## Task instructions
Starting at the line that contains "Sweatshirtjacke blau von", transcribe each line exactly through the end of the data below, and skip any pictures.
========================================================================
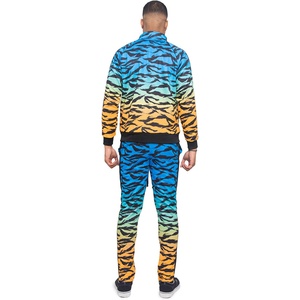 ชุดวอร์มมีซิป2ชิ้นสำหรับผู้ชายชุดวิ่งออกกำลังกาย - Product Image 5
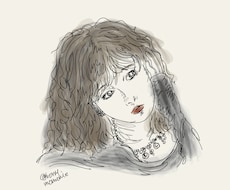 ファッションイラスト風✴︎似顔絵かきます 最短1日✴︎ファッション・映画好きな方へのプレゼントにも◎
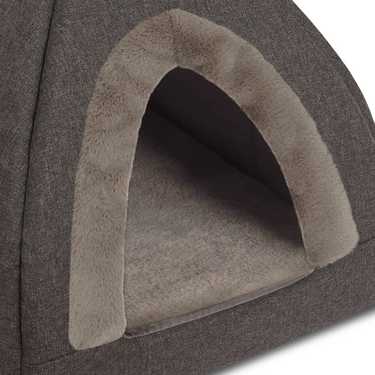 45 x 46 x 46 cm dog and cat cave with viscoelastic inner cushion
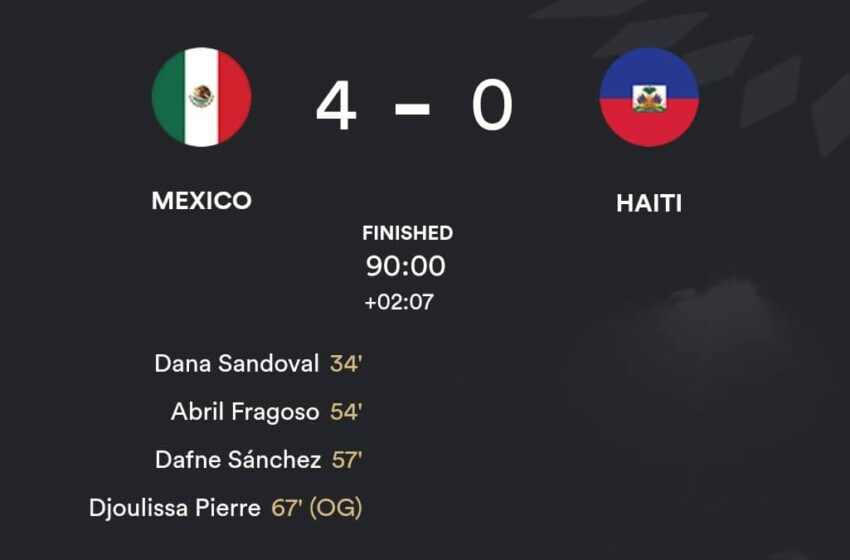  Éliminatoires Coupe du Monde U17: le Mexique étrille Haïti 4-0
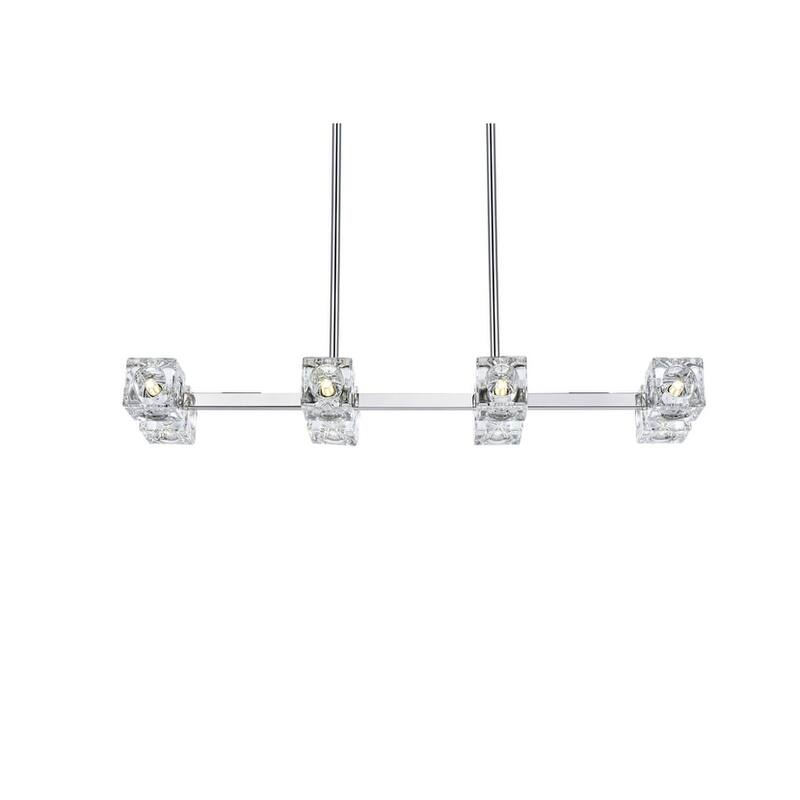 Elegant Lighting LD920D30 Lyra 8 Light 30" Wide Linear Pendant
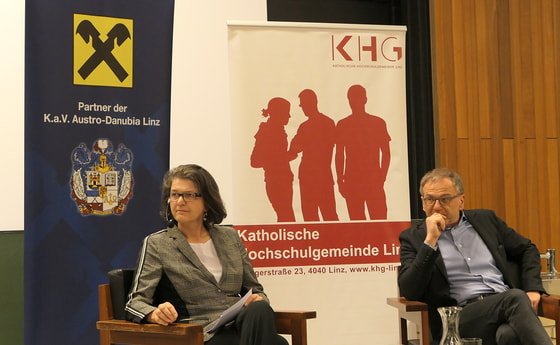 Christine Haiden und Armin Wolf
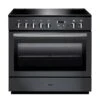 Rangemaster Professional+ FX 90cm Induction Range Cooker - Slate/Chrome - PROP90FXEISL/C -Kitchen Series Shop p r prop90fxeislc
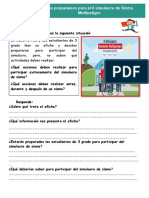 D1 A2 FICHA PS. Nos Preparamos para El II Simulacro de Sismo Multipeligro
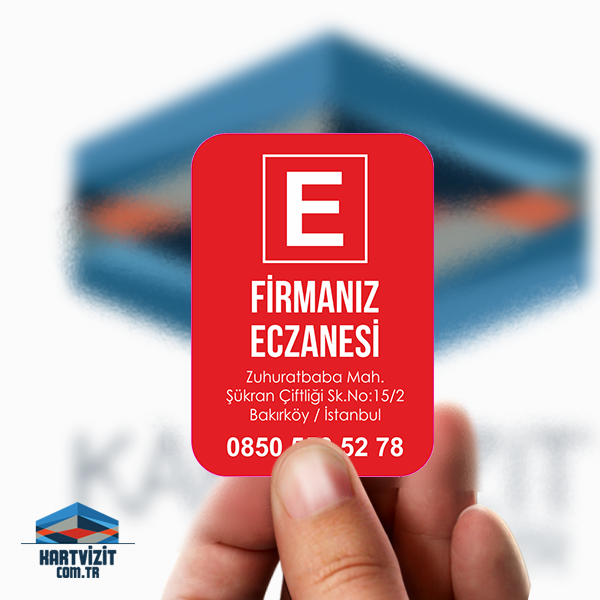 Kıp Kırmızı Eczane Magnet 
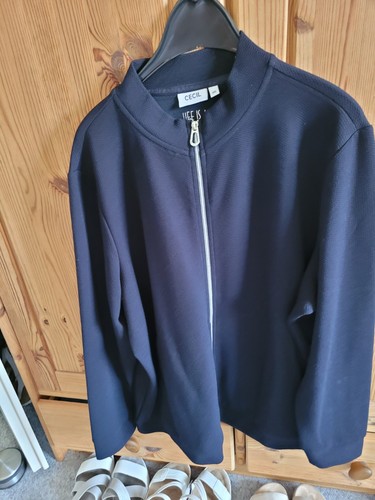Sweatshirtjacke blau von cecil - sweatshirtjacke,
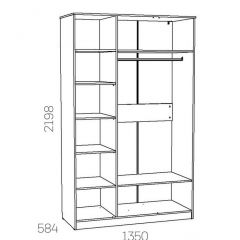 НМ 040.33 Х Шкаф для одежды "Оливия" в Губахе - gubaha.mebel24.online | фото 3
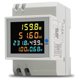 thumbnail image 1 of Medidor de energía monofásico Medidor de electricidad digital AC 40-300V 100A Medidor eléctrico monofásico Vatímetro Medidor de vatios en carril DIN Voltímetro KWh Amperímetro, certificado CE (transf, 1 of 4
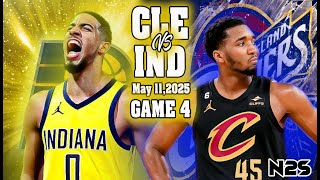 Cleveland Cavaliers vs Indiana Pacers Full Game 4 - May 11, 2025 | NBA 2K25 Playoffs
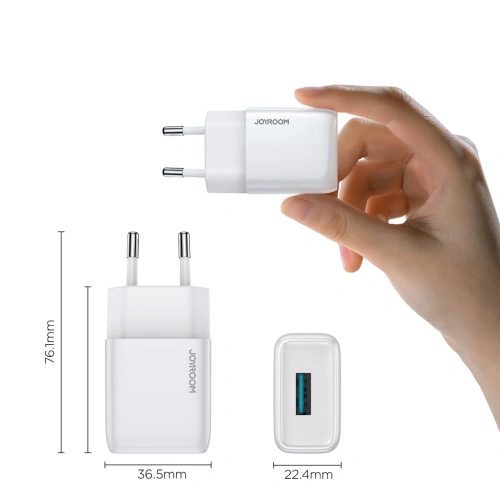 Kup Nabíječka do sítě Joyroom USB 2,1A bílá (L-1A101) - JYR435 - {ean13} - Sklep Home Screen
========================================================================
## Final answer
Sweatshirtjacke blau von cecil - sweatshirtjacke,
 НМ 040.33 Х Шкаф для одежды "Оливия" в Губахе - gubaha.mebel24.online | фото 3
 thumbnail image 1 of Medidor de energía monofásico Medidor de electricidad digital AC 40-300V 100A Medidor eléctrico monofásico Vatímetro Medidor de vatios en carril DIN Voltímetro KWh Amperímetro, certificado CE (transf, 1 of 4
 Cleveland Cavaliers vs Indiana Pacers Full Game 4 - May 11, 2025 | NBA 2K25 Playoffs
 Kup Nabíječka do sítě Joyroom USB 2,1A bílá (L-1A101) - JYR435 - {ean13} - Sklep Home Screen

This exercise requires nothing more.